Sunday, March 9, 2025

Boredom, 2

I’m not the only one who suffers from boredom. Ma Schmidt is frequently bored as well.

The details of each day are different, but the broad outlines are the same. She wakes up in mid-morning. In the last few days, she has generally been able to get herself to the toilet by leaning on her walker. Then she comes out to the family room—still leaning on the walker—and settles on the sofa. She turns on the television, and there she sits for the day.

Schmidt and I bring her food to nibble, water to sip, coffee with half-and-half, Ensure. She samples it all, not eating or drinking a lot of any single thing. But we leave them where she can reach them throughout the day.

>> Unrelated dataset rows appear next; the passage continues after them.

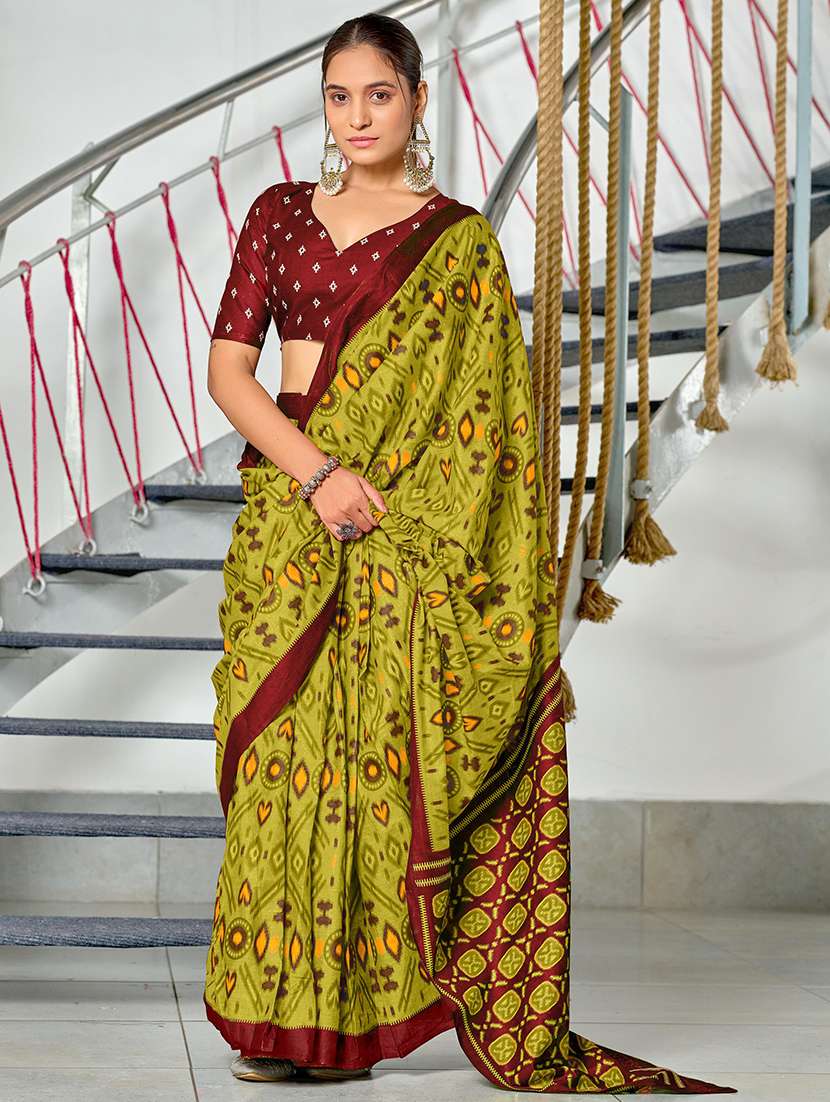 women ikat printed ready to wear saree with blouse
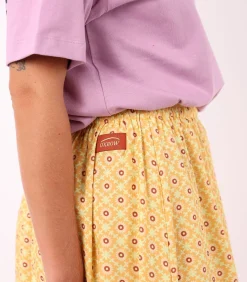 Midi-vloeiende en bedrukte rok RAVINA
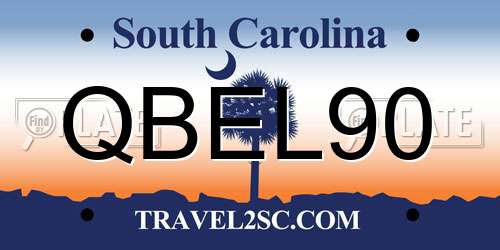QBEL90 South Carolina License Plate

Meanwhile, she watches television. But her heart isn’t really in it. Several times a day she’ll ask me, “Do you want to watch something else? It’s fine if you do. We don’t have to watch this if you want to see something else.” I tell her that I don’t know what there is available to watch, because I don’t have a television at home. So whatever we’ve got on right now (at the moment it’s a wild animal documentary) is fine with me. Then she sighs and smiles and settles back down.

Would she be less bored watching something else? Maybe, but I’m not convinced. Her hearing is very poor, so she would certainly need closed-captions to understand what was going on. Her short-term memory is very poor, so I’m not convinced that she could follow anything more demanding anyway. The Schmidts live out in the middle of nowhere, so she doesn’t have friends dropping in to visit; she’s got one friend who calls regularly, but at this point Ma Schmidt can’t hear well enough to talk on the phone. (Her son takes those calls, to give the friend an update on Ma’s condition.)

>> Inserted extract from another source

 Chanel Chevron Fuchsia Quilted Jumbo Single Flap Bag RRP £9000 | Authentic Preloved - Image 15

All this means that there are no obvious quick-fixes. But the consequence is that—not only is she weak, easily confused, and taking in minimal food and liquids—but Ma Schmidt is chronically bored. She’ll turn to me and say, “This must be a great vacation for you, acting as a nursemaid for your friend’s mom. But don’t worry; I’ll die soon.” I always reply that I’m doing just fine, and she shouldn’t be silly. 

I wonder though: when she remarks that she’ll die soon, is she trying to reassure me? Or is she trying to reassure herself?

The documentary is saying something about meerkats. Ma Schmidt is dozing gently. We’ll see how it goes.